Try it :: Please repeat the data shown below, word for word.

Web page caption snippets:
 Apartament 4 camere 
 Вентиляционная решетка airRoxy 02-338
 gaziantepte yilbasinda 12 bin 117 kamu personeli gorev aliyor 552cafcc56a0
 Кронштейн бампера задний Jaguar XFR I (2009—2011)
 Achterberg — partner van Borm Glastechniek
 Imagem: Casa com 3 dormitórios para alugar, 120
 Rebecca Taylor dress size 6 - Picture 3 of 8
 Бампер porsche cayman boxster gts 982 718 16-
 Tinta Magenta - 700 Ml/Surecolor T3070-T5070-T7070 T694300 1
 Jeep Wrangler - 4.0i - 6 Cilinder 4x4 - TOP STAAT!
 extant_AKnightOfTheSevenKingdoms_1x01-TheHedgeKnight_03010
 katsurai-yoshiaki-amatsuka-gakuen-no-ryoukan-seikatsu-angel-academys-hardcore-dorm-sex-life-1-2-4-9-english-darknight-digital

Your solution ::
 Apartament 4 camere 
 Вентиляционная решетка airRoxy 02-338
 gaziantepte yilbasinda 12 bin 117 kamu personeli gorev aliyor 552cafcc56a0
 Кронштейн бампера задний Jaguar XFR I (2009—2011)
 Achterberg — partner van Borm Glastechniek
 Imagem: Casa com 3 dormitórios para alugar, 120
 Rebecca Taylor dress size 6 - Picture 3 of 8
 Бампер porsche cayman boxster gts 982 718 16-
 Tinta Magenta - 700 Ml/Surecolor T3070-T5070-T7070 T694300 1
 Jeep Wrangler - 4.0i - 6 Cilinder 4x4 - TOP STAAT!
 extant_AKnightOfTheSevenKingdoms_1x01-TheHedgeKnight_03010
 katsurai-yoshiaki-amatsuka-gakuen-no-ryoukan-seikatsu-angel-academys-hardcore-dorm-sex-life-1-2-4-9-english-darknight-digital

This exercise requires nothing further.